Data section:
———

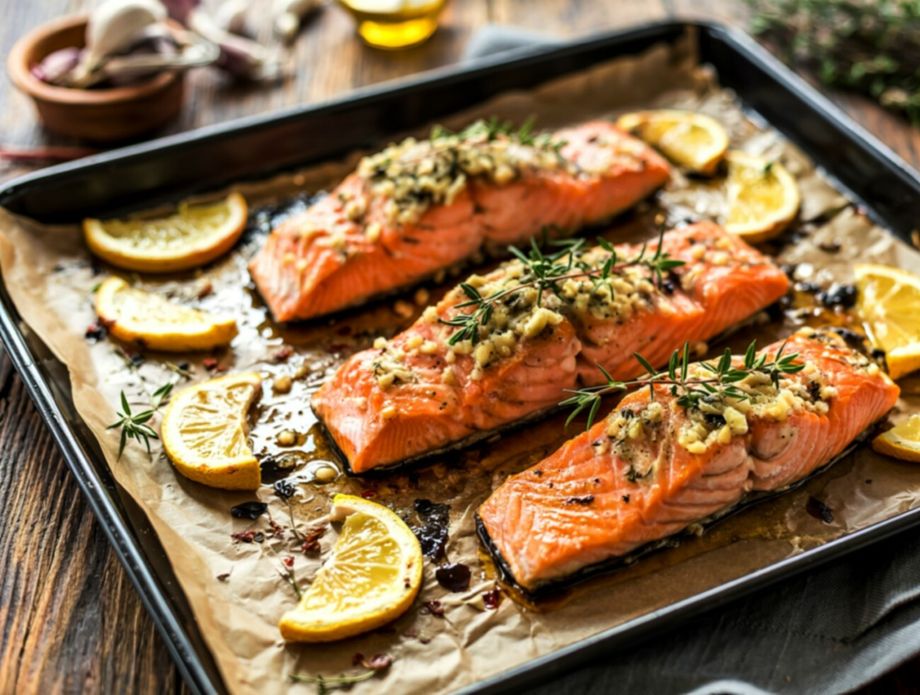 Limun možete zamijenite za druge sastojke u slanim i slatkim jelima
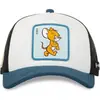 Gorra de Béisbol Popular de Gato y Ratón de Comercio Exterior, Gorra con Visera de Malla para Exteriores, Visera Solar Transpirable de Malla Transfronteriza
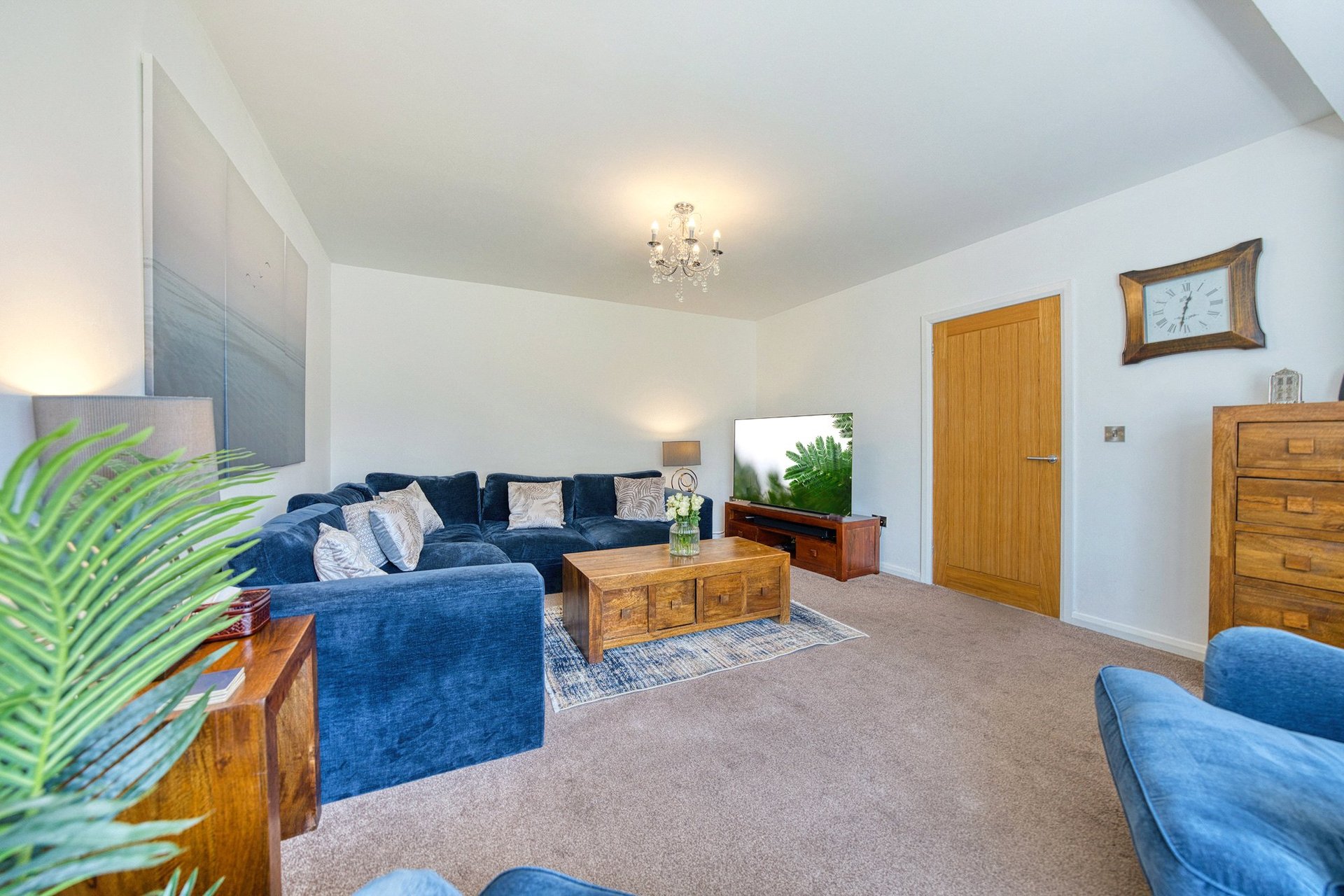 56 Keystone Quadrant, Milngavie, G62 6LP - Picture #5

———

Task item: Could the material above be written out again word for word, with the pictures dropped?

Problem solution:
 Limun možete zamijenite za druge sastojke u slanim i slatkim jelima
 Gorra de Béisbol Popular de Gato y Ratón de Comercio Exterior, Gorra con Visera de Malla para Exteriores, Visera Solar Transpirable de Malla Transfronteriza
 56 Keystone Quadrant, Milngavie, G62 6LP - Picture #5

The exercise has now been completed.